Segment Open
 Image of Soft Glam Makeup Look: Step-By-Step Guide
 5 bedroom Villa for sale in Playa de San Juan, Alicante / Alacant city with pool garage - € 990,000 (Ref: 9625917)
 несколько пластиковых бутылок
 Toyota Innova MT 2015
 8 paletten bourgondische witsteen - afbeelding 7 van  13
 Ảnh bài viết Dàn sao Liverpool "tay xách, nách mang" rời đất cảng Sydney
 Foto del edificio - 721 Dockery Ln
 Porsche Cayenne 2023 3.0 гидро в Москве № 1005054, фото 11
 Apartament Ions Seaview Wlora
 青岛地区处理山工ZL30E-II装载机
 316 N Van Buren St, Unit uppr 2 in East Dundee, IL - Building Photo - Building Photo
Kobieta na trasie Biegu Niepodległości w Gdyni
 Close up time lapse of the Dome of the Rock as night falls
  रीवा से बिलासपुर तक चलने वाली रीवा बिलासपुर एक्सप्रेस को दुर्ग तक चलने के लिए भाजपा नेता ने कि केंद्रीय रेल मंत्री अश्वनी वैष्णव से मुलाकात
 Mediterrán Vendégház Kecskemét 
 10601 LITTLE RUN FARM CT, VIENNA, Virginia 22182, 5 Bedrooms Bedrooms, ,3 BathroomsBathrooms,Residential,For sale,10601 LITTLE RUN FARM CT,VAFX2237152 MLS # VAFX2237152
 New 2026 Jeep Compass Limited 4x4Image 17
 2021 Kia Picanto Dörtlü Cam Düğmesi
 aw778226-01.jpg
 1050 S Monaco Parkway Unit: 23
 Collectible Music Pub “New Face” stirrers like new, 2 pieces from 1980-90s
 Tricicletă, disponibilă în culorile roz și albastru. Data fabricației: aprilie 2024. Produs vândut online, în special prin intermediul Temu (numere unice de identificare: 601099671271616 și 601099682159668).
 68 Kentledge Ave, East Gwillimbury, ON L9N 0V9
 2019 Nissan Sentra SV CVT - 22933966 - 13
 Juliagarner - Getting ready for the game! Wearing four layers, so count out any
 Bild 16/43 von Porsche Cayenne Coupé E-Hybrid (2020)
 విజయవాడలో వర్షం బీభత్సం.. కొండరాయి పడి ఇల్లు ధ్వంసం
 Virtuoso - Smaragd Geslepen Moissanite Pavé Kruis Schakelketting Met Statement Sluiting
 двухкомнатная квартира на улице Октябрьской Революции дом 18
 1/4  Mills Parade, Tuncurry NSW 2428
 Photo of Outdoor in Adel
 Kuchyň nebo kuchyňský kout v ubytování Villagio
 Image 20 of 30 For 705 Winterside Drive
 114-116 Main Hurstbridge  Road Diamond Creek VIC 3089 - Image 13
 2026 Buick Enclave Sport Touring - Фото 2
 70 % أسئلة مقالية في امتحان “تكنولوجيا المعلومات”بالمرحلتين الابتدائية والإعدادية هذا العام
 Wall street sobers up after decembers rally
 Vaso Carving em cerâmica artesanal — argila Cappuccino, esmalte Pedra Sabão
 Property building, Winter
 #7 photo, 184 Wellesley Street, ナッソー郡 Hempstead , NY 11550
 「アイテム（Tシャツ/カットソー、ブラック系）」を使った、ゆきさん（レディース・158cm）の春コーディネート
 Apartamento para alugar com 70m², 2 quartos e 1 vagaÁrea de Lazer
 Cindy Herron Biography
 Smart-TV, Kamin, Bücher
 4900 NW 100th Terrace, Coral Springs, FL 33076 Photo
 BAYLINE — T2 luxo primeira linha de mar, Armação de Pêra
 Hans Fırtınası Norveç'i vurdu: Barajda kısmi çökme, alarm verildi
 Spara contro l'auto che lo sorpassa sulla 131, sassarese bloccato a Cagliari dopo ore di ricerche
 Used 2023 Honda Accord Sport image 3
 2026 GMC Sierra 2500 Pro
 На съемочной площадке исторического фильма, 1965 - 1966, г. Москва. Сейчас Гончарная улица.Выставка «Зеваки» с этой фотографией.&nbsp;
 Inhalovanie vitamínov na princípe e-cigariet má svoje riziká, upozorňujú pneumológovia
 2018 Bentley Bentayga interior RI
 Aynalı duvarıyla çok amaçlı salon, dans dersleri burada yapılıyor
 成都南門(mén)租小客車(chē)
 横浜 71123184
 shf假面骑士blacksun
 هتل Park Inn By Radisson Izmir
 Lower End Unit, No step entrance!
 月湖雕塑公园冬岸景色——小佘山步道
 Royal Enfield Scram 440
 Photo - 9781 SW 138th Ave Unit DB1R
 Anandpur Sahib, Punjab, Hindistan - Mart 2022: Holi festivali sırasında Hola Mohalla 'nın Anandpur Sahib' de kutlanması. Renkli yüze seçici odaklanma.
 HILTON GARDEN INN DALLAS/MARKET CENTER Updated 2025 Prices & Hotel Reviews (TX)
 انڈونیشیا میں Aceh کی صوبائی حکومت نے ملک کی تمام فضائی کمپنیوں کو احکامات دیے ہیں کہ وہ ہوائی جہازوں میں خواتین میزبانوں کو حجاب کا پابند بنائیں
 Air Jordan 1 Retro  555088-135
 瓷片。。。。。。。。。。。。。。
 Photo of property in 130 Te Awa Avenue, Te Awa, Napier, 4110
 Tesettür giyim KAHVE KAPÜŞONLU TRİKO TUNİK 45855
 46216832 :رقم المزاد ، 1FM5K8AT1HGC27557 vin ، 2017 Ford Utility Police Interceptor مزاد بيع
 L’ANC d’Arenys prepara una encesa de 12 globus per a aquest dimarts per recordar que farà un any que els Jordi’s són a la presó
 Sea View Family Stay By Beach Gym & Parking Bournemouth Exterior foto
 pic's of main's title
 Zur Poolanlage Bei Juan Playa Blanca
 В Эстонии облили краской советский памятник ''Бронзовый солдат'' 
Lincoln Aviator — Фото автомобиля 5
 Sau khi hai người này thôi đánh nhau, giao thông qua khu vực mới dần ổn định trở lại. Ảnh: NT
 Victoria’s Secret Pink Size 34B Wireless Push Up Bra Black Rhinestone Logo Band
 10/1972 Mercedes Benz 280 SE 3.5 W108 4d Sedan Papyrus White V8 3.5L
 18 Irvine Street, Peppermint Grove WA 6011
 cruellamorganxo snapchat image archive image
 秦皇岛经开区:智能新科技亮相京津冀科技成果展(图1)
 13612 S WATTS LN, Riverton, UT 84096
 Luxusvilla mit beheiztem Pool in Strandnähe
Segment Closed
Task requirements: Lines from the start of the material through the line containing "Juliagarner - Getting" are wanted. Write them out exactly.

Response to this task:
 Image of Soft Glam Makeup Look: Step-By-Step Guide
 5 bedroom Villa for sale in Playa de San Juan, Alicante / Alacant city with pool garage - € 990,000 (Ref: 9625917)
 несколько пластиковых бутылок
 Toyota Innova MT 2015
 8 paletten bourgondische witsteen - afbeelding 7 van  13
 Ảnh bài viết Dàn sao Liverpool "tay xách, nách mang" rời đất cảng Sydney
 Foto del edificio - 721 Dockery Ln
 Porsche Cayenne 2023 3.0 гидро в Москве № 1005054, фото 11
 Apartament Ions Seaview Wlora
 青岛地区处理山工ZL30E-II装载机
 316 N Van Buren St, Unit uppr 2 in East Dundee, IL - Building Photo - Building Photo
Kobieta na trasie Biegu Niepodległości w Gdyni
 Close up time lapse of the Dome of the Rock as night falls
  रीवा से बिलासपुर तक चलने वाली रीवा बिलासपुर एक्सप्रेस को दुर्ग तक चलने के लिए भाजपा नेता ने कि केंद्रीय रेल मंत्री अश्वनी वैष्णव से मुलाकात
 Mediterrán Vendégház Kecskemét 
 10601 LITTLE RUN FARM CT, VIENNA, Virginia 22182, 5 Bedrooms Bedrooms, ,3 BathroomsBathrooms,Residential,For sale,10601 LITTLE RUN FARM CT,VAFX2237152 MLS # VAFX2237152
 New 2026 Jeep Compass Limited 4x4Image 17
 2021 Kia Picanto Dörtlü Cam Düğmesi
 aw778226-01.jpg
 1050 S Monaco Parkway Unit: 23
 Collectible Music Pub “New Face” stirrers like new, 2 pieces from 1980-90s
 Tricicletă, disponibilă în culorile roz și albastru. Data fabricației: aprilie 2024. Produs vândut online, în special prin intermediul Temu (numere unice de identificare: 601099671271616 și 601099682159668).
 68 Kentledge Ave, East Gwillimbury, ON L9N 0V9
 2019 Nissan Sentra SV CVT - 22933966 - 13
 Juliagarner - Getting ready for the game! Wearing four layers, so count out any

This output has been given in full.